Oz Minerals surged more than 17% after the shareholders of the company approved a proposals to sell its assets to China MinMetals Corp. Mincor Resources gained 2.99% following the rise in zinc prices in the International market.
Mining stocks, however, ended mixed on profit taking. BHP Billiton, the world's largest mining company, declined 0.60%, while rival company Rio Tinto managed to end in positive territory with a marginal gain of 0.19%.
Gold stocks also ended mixed amid profit taking. While Lihir Gold shed 1.0%, Sino Gold ended in positive territory with a marginal gain of 0.50%. Newcrest Mining ended unchanged from its previous close amid volatile trading.
In the oil space, Woodside Petroleum edged up 0.07%, Santos declined sharply by 2.99% and Oil Search fell 2.13%.
Among financial stocks, ANZ Bank gained 2.49%, Commonwealth Bank added 0.96%, and Westpac Banking rose 0.91%. National Australia Bank ended the day unchanged from its previous close amid profit trading.
In Hong Kong, the Hang Seng Index opened sharply higher at 19,035 compared to its previous close of 18,791, and briefly continued to rise to as high as 19162, on positive cues from Wall Street. However, profit taking at higher levels amid valuation concerns dragged down the indices to below the unchanged line in afternoon session. Positive economic data from mainland China helped markets stage a recovery led by china-related stocks and the index finally ended with a gain of 98.65 points, or 0.52%, at 18,890.
Retailer Li & Fung soared more than 6% after retail sales in the U.S rose 0.5% in May. Li & Fung is the major supplier of retail goods to U.S. Retailers including Wal-Mart and Target.
Among resource stocks, Aluminum Corp. of China, or CHALCO, gained 3.45% on higher metal prices.
Mixed trading was witnessed among the property stocks. New World Development gained 2.05%, Sino Land advanced 2.52% and Hang Lung Property added 1.96%.
Among financials, HSBC Holdings gained 3.45%, China Construction Bank rose 2.93% and Industrial and Commercial Bank of China advanced 2.35%.
In South Korea, the benchmark KOSPI Index ended in positive territory, on positive cues from Wall Street, amid volatile trading. S after traders preferred to lock in gains in early trading ahead of the weekend. After opening strongly higher at 1,429 compared to previous close at 1,419, the market continued to drift downward on profit taking. However, elective buying in large-cap stocks by institutional investors helped lift the market above the unchanged line in late trading. The Kospi Index ended with a gain of 0.65% or 9.20 points at 1,429.
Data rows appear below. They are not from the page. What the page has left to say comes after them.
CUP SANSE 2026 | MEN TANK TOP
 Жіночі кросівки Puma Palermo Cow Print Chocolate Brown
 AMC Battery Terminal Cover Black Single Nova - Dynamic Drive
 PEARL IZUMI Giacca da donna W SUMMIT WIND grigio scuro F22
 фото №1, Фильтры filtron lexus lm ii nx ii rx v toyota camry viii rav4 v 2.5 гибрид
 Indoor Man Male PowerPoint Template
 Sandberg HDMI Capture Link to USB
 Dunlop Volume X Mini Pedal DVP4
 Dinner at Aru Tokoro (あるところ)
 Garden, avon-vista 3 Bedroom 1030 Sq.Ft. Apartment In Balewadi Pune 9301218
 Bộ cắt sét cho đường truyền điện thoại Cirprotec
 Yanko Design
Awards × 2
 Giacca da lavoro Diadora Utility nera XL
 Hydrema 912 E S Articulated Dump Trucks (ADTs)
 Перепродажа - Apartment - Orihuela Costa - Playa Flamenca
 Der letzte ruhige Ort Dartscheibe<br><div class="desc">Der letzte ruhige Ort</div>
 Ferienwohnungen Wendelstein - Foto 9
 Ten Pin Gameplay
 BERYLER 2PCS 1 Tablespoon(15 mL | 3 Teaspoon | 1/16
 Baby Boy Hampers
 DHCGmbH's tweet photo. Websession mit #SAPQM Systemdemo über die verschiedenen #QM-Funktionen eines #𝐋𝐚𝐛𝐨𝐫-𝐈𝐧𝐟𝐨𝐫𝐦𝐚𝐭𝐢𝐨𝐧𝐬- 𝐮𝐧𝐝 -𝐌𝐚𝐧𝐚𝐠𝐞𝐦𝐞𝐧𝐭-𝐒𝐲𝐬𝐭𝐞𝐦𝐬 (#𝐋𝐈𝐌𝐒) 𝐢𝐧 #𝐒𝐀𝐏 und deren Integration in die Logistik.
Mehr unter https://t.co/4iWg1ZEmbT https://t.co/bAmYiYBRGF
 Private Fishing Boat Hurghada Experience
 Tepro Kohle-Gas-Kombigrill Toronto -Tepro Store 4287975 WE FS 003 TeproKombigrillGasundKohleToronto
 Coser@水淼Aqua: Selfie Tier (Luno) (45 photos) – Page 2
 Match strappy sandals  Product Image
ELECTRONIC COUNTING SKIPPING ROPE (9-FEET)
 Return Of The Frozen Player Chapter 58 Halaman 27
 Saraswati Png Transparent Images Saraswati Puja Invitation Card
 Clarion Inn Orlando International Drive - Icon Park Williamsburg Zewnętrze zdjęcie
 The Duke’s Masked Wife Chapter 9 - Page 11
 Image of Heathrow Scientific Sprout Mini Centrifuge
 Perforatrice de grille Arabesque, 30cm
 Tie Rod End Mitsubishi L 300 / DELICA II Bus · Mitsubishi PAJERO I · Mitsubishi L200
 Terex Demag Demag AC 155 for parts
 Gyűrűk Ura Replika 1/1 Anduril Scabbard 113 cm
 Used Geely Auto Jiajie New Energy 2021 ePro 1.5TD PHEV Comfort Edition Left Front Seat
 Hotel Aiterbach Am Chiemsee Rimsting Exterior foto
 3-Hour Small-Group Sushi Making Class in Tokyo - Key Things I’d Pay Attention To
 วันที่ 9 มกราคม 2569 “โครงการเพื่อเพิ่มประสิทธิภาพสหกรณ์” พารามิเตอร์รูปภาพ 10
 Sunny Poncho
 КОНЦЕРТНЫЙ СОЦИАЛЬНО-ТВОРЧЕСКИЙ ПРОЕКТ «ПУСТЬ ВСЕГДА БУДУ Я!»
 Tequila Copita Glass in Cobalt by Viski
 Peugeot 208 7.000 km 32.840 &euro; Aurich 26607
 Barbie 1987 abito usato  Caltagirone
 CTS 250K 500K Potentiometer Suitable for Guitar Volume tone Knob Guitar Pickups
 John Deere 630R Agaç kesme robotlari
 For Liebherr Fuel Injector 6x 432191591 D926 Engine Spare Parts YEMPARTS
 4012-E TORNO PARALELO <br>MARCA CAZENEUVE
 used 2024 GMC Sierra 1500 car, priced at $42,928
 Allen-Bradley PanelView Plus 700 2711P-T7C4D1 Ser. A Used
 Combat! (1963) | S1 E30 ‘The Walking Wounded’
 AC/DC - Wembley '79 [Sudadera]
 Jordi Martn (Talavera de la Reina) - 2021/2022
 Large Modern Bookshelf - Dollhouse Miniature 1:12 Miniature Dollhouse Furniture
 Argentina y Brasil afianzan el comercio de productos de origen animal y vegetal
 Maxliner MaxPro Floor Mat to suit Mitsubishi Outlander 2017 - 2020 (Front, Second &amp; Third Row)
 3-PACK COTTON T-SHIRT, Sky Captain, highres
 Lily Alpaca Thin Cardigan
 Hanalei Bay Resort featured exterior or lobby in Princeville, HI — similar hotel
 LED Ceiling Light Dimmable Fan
Chip giant Hynix Semiconductor rose 0.39% and South Korean electronics giant LG Electronics gained 2.08%. The country's leading steelmaker POSCO advanced 3.22% percent amid the news of rises in steel prices in China and the U.S.
In India, the stock market ended in the negative territory, despite unexpected production data, on profit taking after the markets rallied sharply in recent sessions.
The BSE Sensex lost 173.53 points or 1.13% to close at 15,238, and the broader Nifty Index shed 1.17% or 54.30 points, to close at 4,583.
Among the other major markets in the region, China's Shanghai Composite Index ended lower by 53.56 points or 1.91% at 2,744., Strait Times Index in Singapore lost 4.74 points or 0.20% to close at 2,377, and Taiwan Weighted Index slipped 1.81% or 119.14 points to close 6,448. Indonesia's Jakarta Composite Index, however, ended in positive territory with a gain of 1.36 points, or 0.06%, at 2,091.